Assignment
Don't include pictures. Quote the lines below from the first through the line that contains "Next up, we".
───── Material shown ─────
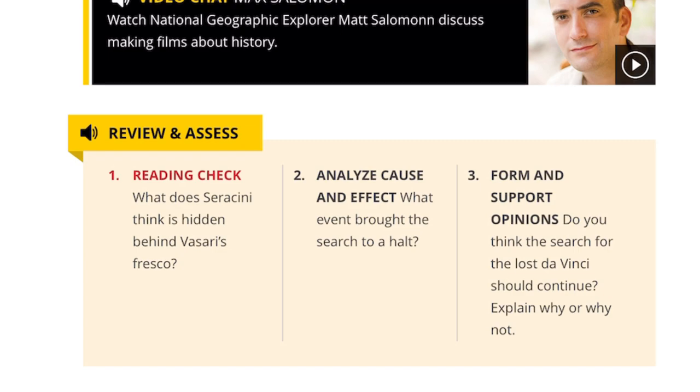Now let's go to the review and assess questions. Reading check: What does Serracini think is hidden behind Vasari's fresco? Number two, analyze cause and effect: What event brought the search to a halt? Number three, form and support opinions: Do you think the search for the lost da Vinci should continue? Explain why or why not.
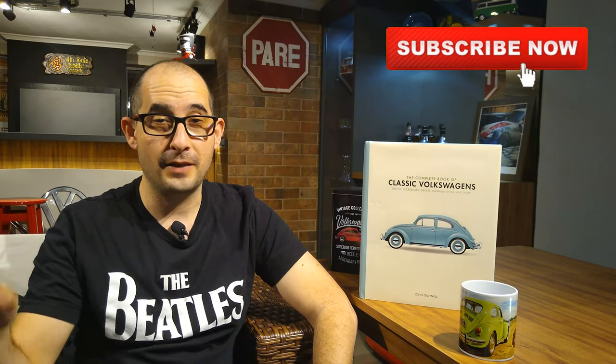Hello my friends! Eduardo speaking here. Welcome aboard! If you are new on this channel, please subscribe now — that will help us a lot on having new videos about these book reviews. Today I'm gonna talk about this book, the complete book of classic Volkswagens by John Gunnell.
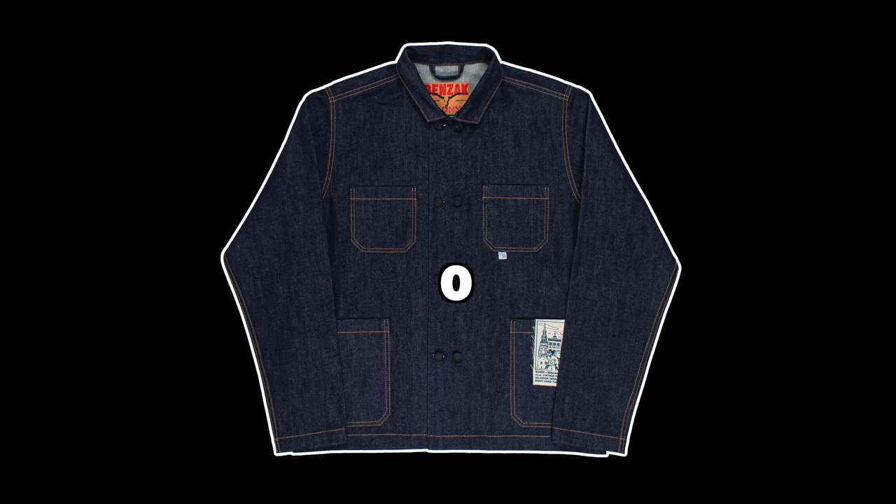Next up, we have the Bonesuits × Benzak BJ-01 Special No. 2, 15-ounce Vintage Indigo Selvedge. Lion, please work on shortening up your names. This is an interesting one. For one thing, it's a limited edition — at the time of filming it was pretty low in stock. For another, the concept behind the piece is quite interesting, and I'm not too sure where I land on it.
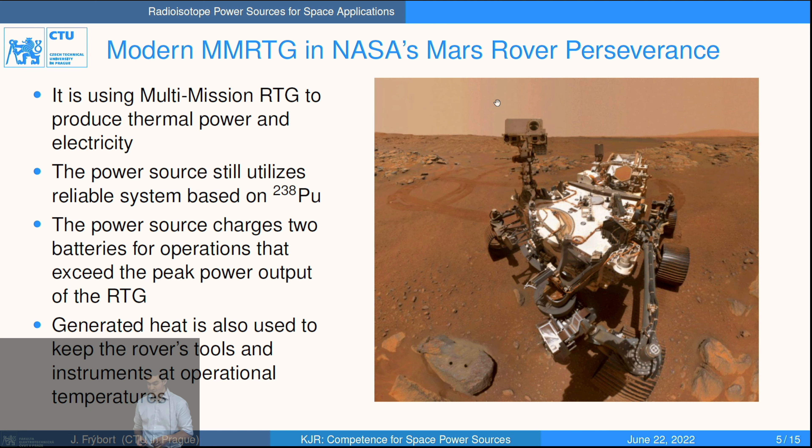The latest generation of these radioisotope generators is used on the Mars rover Perseverance, currently on Mars. It produces heat and electricity for the applications, charging batteries for operations that require higher electricity output than the generator is able to produce. The total weight of this power assembly is about 45 kilograms.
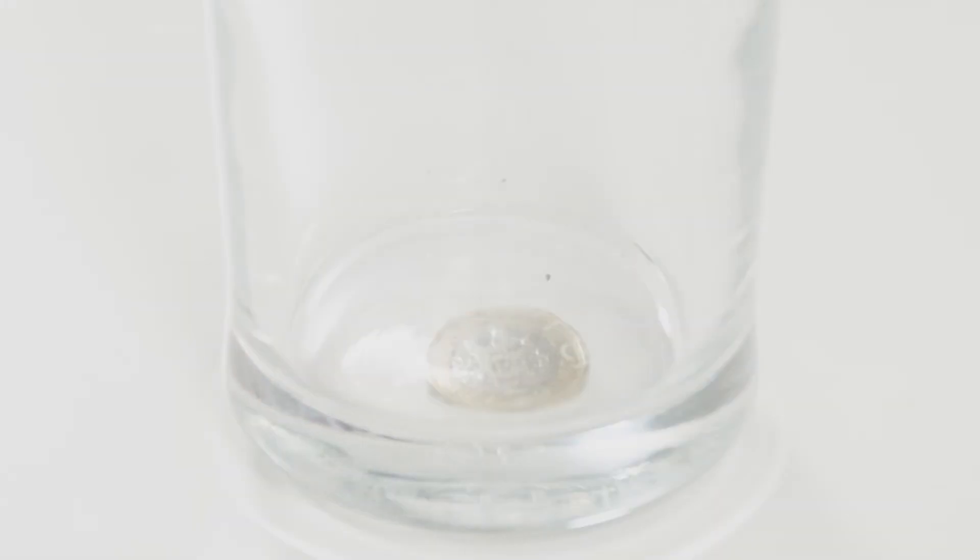Look what happens when I fill the glass with water — the coin magically disappears! This is because when light travels in open air, not much refraction occurs. However, when it travels through water, it becomes refracted — it appears to bend. The light rays can no longer reach our eyes and we can't see the coin. This is an optical illusion. Why don't you give this experiment a go at home?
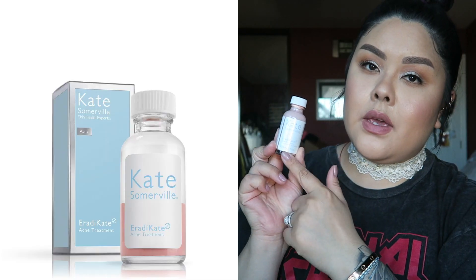This is the Kate Somerville Eradicating drying solution for pimples, breakouts, and acne. It's very handy since I get random pimples, especially during that time of the month. It works really well — I later tried the Mario Badescu version too. The only thing is you have to be careful not to touch it when it's on your face, because it causes a burning sensation near your eyes, like getting sunscreen in your eye. I apply it before bed to avoid accidentally touching my face.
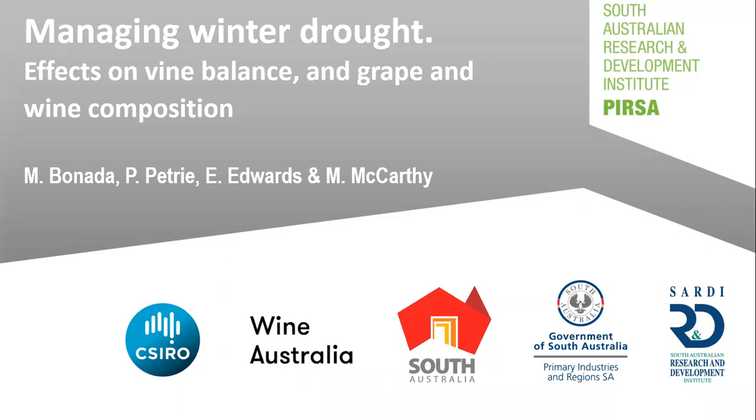I'm going to speak today about a Wine Australia funded project looking at managing winter drought, how it affects vine balance, and grape and wine composition. This project is a collaboration between SARDI — the South Australian Research and Development Institute — and the CSIRO.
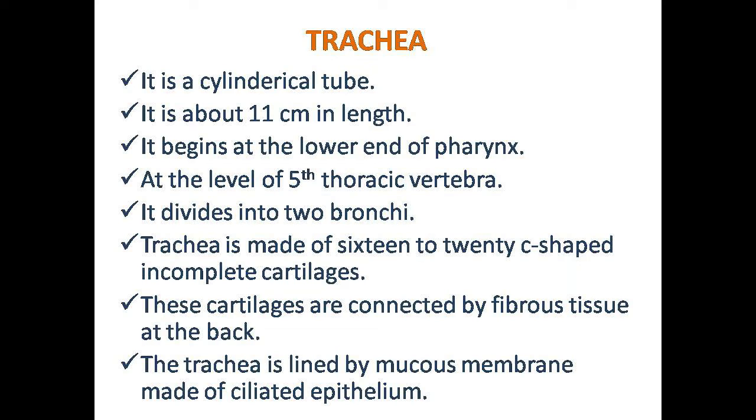Good morning students! We are already running the Respiratory System, part 1.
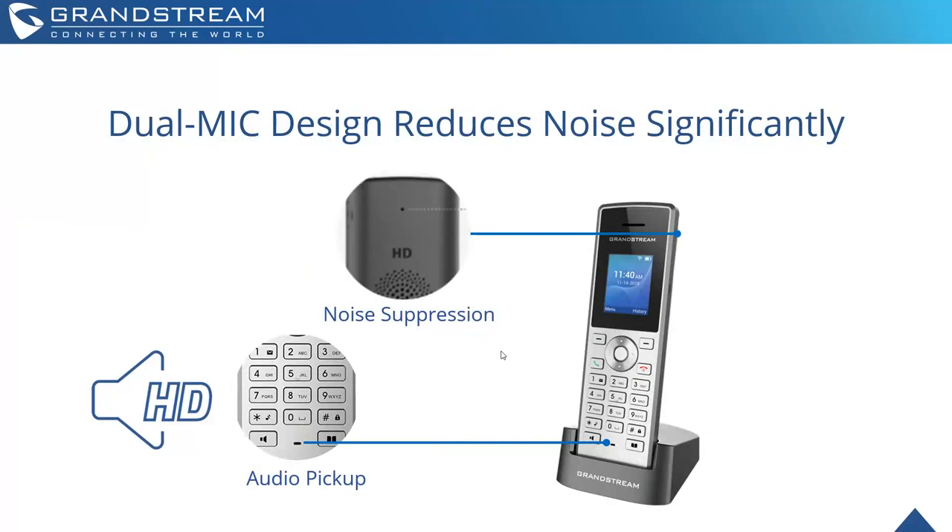Advanced security: we're combining Wi-Fi with VoIP security using AES encryption. That includes secure boot, random default passwords per device, unique security certificates per device, and TLS and SRTP encryption. This is going to be much stronger than DECT security, including our own DECT phones. Both phones also have a dual mic design, reducing noise significantly through noise suppression on the back of the phone as well as audio pickup on the front. It's not true noise canceling, but it's pretty close, and you can achieve that through a headset as well.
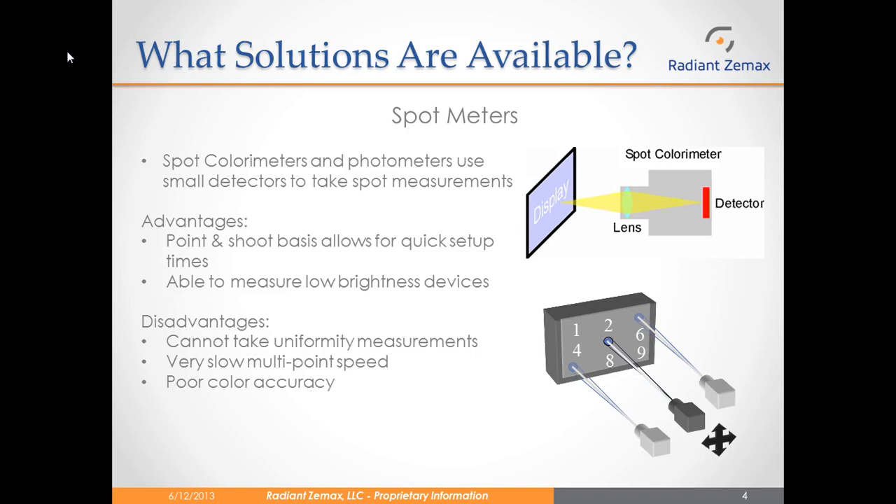Traditionally, manufacturers of any type of illuminated device utilized human inspectors to inspect for uniformity in brightness and color of the device. This was not a cost-effective solution, as you had to pay to train the inspectors and pay them to stand on the assembly line. They began using spot meters, including spot colorimeters and spot photometers, which use small detectors to take spot measurements. The advantage of spot meters is that they have a point-and-shoot basis, which allows for quick setup time and quick single point measurements. But the disadvantage is that they cannot take uniformity measurements because they can only measure one point at a time, and measuring multiple points is very slow because you have to move the camera each time.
─────
Solution for this task
Now let's go to the review and assess questions. Reading check: What does Serracini think is hidden behind Vasari's fresco? Number two, analyze cause and effect: What event brought the search to a halt? Number three, form and support opinions: Do you think the search for the lost da Vinci should continue? Explain why or why not.
Hello my friends! Eduardo speaking here. Welcome aboard! If you are new on this channel, please subscribe now — that will help us a lot on having new videos about these book reviews. Today I'm gonna talk about this book, the complete book of classic Volkswagens by John Gunnell.
Next up, we have the Bonesuits × Benzak BJ-01 Special No. 2, 15-ounce Vintage Indigo Selvedge. Lion, please work on shortening up your names. This is an interesting one. For one thing, it's a limited edition — at the time of filming it was pretty low in stock. For another, the concept behind the piece is quite interesting, and I'm not too sure where I land on it.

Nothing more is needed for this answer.